Patchett has a very sensitive narrative voice and she probes her characters gently. The terrorists become people too under her hands as she teases out their nebulous hopes and the things that make them distinct (though I'm sure it helps that they are not the more violent faction of terrorists in the country who would have systematically shot their hostages to force the government to act). The reader feels a strong empathy with many of the characters, despite their flaws. I even ended up liking Fyodorov, whom I thought at first was just pushy and coarse.

I feel both unsatisfied and relieved with the ending; I can't quite decide if it feels contrived, or if it's the only possible finish for a story like this. It is not really a happy ending... as much as I love those, I realize that a perfect, bloodless denouément would mar the entire story.

If you are, like me, not overly familiar with opera, this is the kind of story that will make you want to listen to it, try to find the beauty that is so powerful in the novel. I enjoyed the book a great deal but I imagine opera-lovers would find even more to relish here, where opera becomes entwined with literature and human tragedy. We are all of us on the stage.

This isn't a book for younger people, but mature readers (and especially fans of opera) will find much to enjoy here.

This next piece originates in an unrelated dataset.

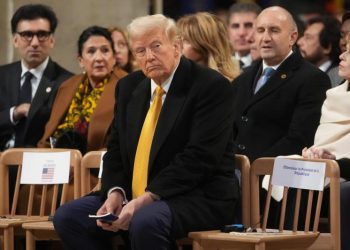 Trump se opone a que compañías extranjeras inviertan en la automatización de los puertos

Recommended. ( )
6 vote wisewoman | Oct 12, 2009 |
An Opera singer and many politicians are held hostage in an unknown South American country. Good plot and enjoyable read. ( )
  lenoreaz | Oct 2, 2009 |
An un-named, poor South American country plots to improve their fortune by hosting a birthday party for a prominent Japanese businessman featuring a performance by his favorite soprano. The party is attended by diplomats, politicians, and even some curious representatives from Russia who wriggled an invite by suggesting they too might be interested in setting up manufacturing in this country. The president of the country is typically adamant about keeping his nights free...in reality, he is addicted to a soap opera and doesn't like anything to interfere with his TV viewing. He agrees to attend this gala, but then backs out at the last second.

The terrorists didn't get the memo.

The mansion where the party is taken place is overwhelmed with a paramilitary group pouring in through the windows and duct work, immediately seizing control. Their goal was to snatch the president and be gone within minutes, holding him ransom until political prisoners have been released. The search for El Presidente is fruitless, though, and the terrorists are unable to decide how they will make use of the altered circumstance. Soon, it becomes a moot point when the mansion is surrounded by police and a long siege ensues.

Bel Canto is the story of several principle characters caught in the nearly 5 month ordeal. Love stories break out not only among the captives, but between a captive and a young lady that is one of two women among the terrorists. Meanwhile, another of the young terrorists is discovered to have an incredible singing voice, and the soprano begins teaching him proper singing techniques. The translator, the only person able to communicate with everyone in the mansion, falls for one of the young women terrorists and endeavors to teach her reading and writing. It's a case of everyone making the best of a bad situation, there is very little malice between hostages and captors.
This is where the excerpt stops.